**Description of the task:** In the entries that follow, locate the line with "معطر كين للسيارة - رائحة جوز هند", then restate that line and all later lines exactly as they appear, leaving pictures out.

─── Recorded information

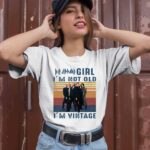 Def Leppard Girl Im Not Old Im Vintage 2 T Shirt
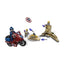 LEGO 6865 - Super Heroes - Captain America's Avenging Cycle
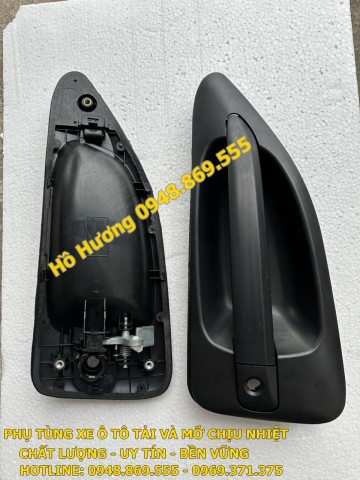 Tay mở cửa ngoài C&C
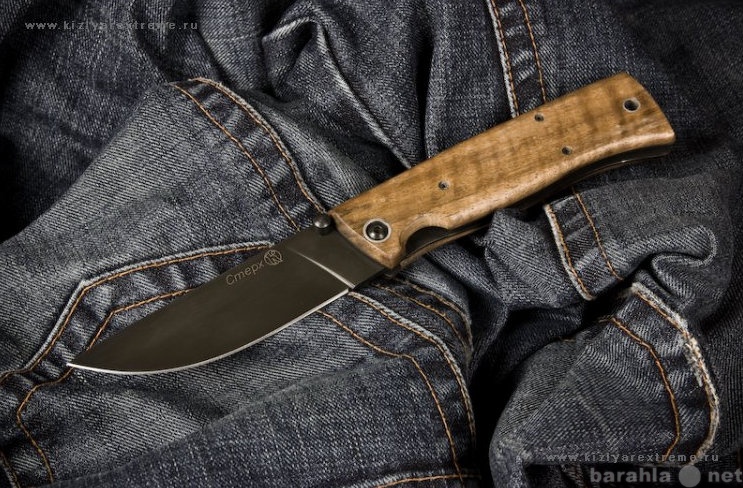 Продам: складной нож СТЕРХ ШХ 15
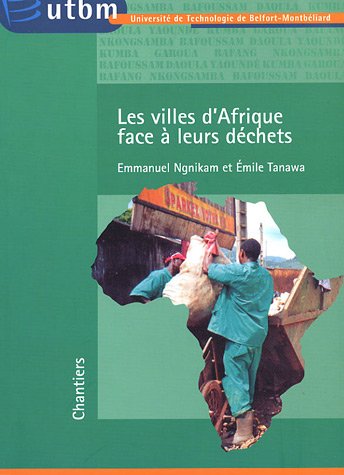 Les  villes d'Afrique face à leurs déchets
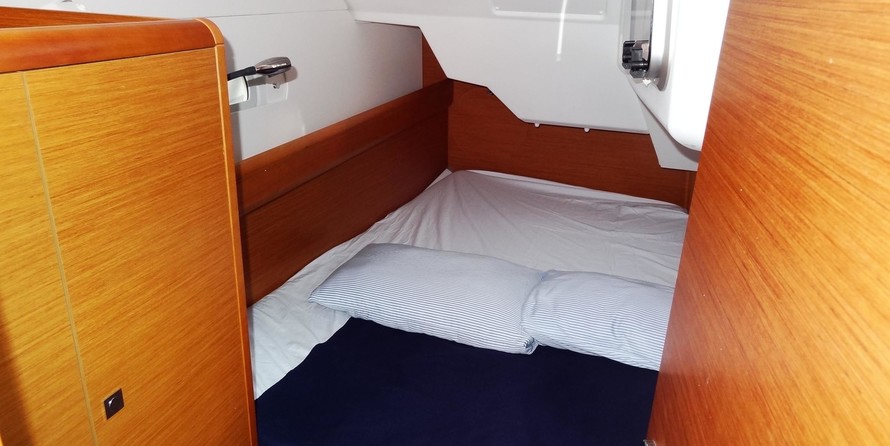 Jeanneau Sun Odyssey 389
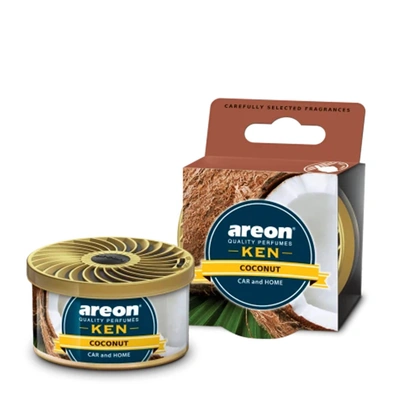 معطر كين للسيارة - رائحة جوز هند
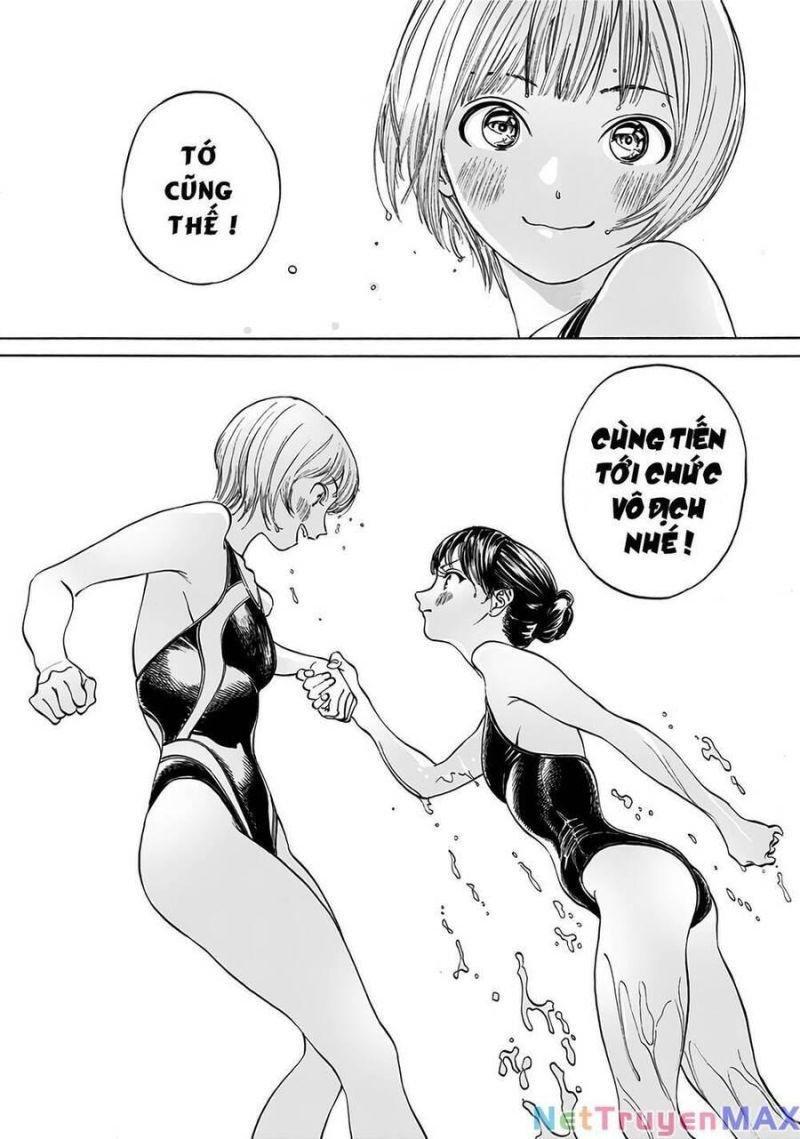 bộ đồng phục thuỷ thủ của akebi - chan chapter 15 18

──────

**Result of the task:**
 معطر كين للسيارة - رائحة جوز هند
 bộ đồng phục thuỷ thủ của akebi - chan chapter 15 18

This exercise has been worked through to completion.